**Exercise:**
Could you repeat the listing exactly, leaving out the pictures?

::::

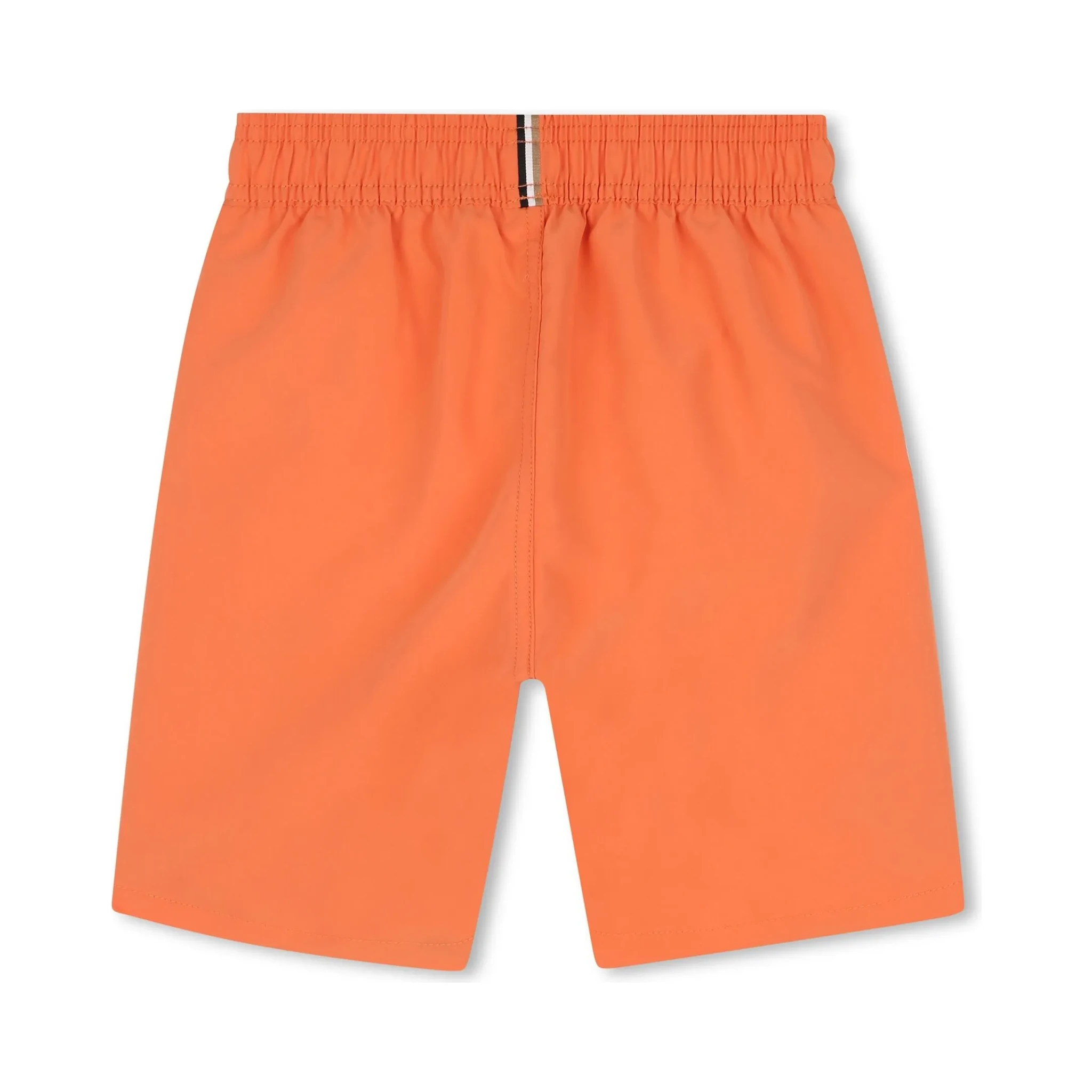 Hugo Boss Sea clothing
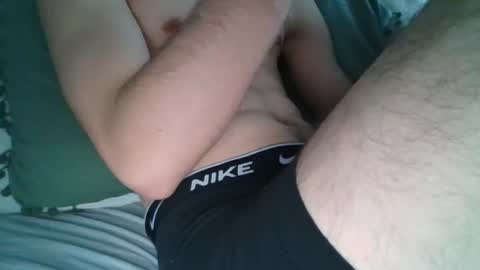 Snapshot of couplequckies chatting on January 2, 2025, 5:07 pm couplequckies online show from January 2, 2025, 5:07 pm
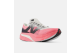 New Balance FuelCell SuperComp Elite v4 (WRCELCP4) pink 4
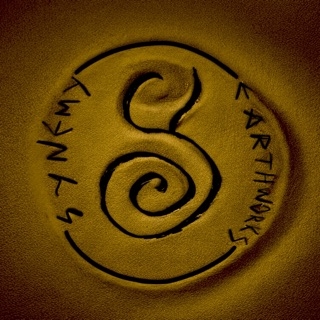 Synemy Earthworks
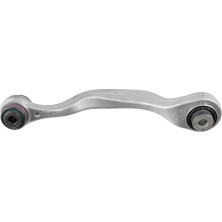 42023 01 Lenker, Radaufhängung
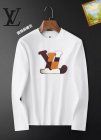 Louis Vuitton Men's Sweater 491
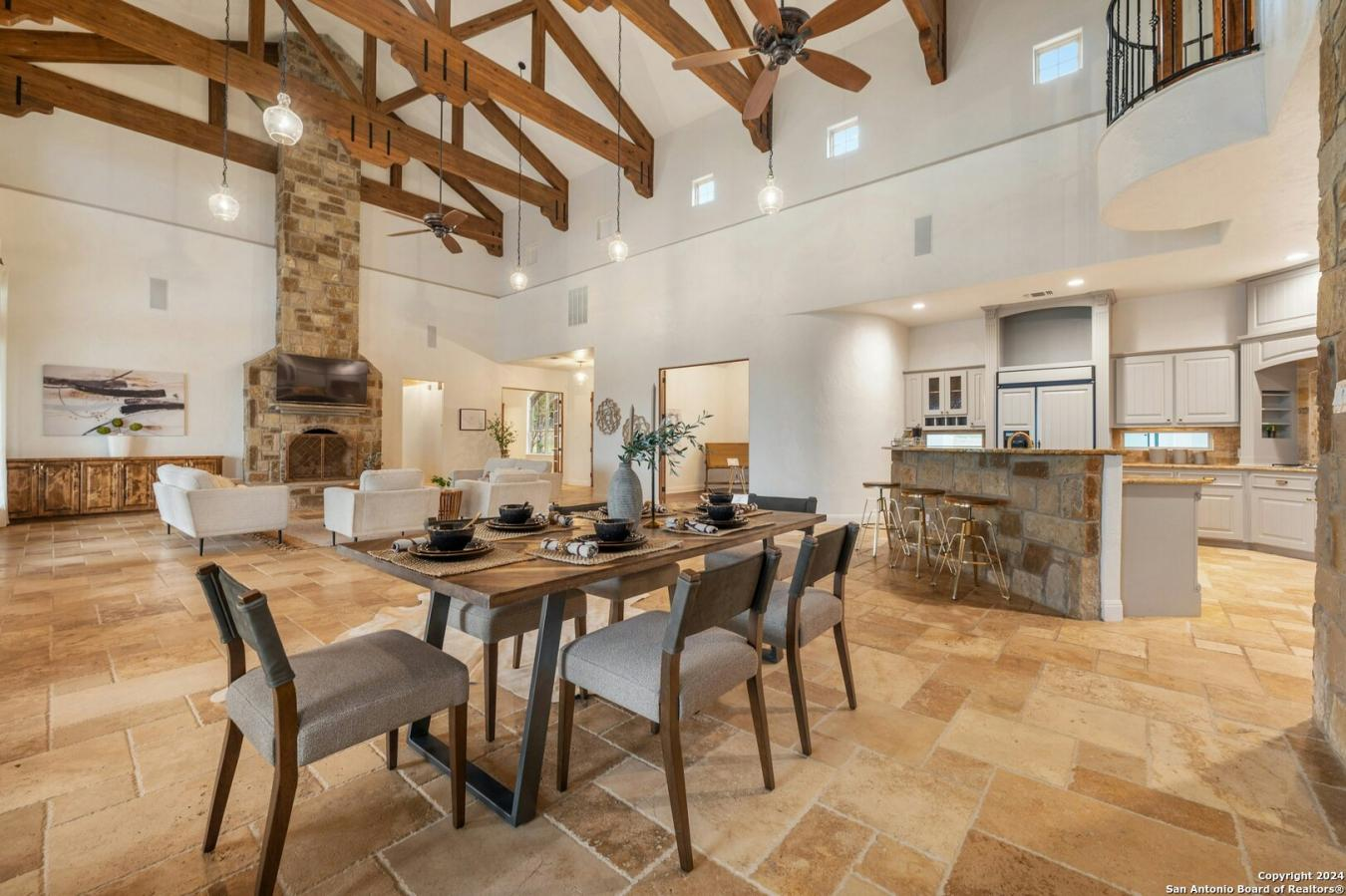 property-image-7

::::

**Written answer:**
 Hugo Boss Sea clothing
 Snapshot of couplequckies chatting on January 2, 2025, 5:07 pm couplequckies online show from January 2, 2025, 5:07 pm
 New Balance FuelCell SuperComp Elite v4 (WRCELCP4) pink 4
 Synemy Earthworks
 42023 01 Lenker, Radaufhängung
 Louis Vuitton Men's Sweater 491
 property-image-7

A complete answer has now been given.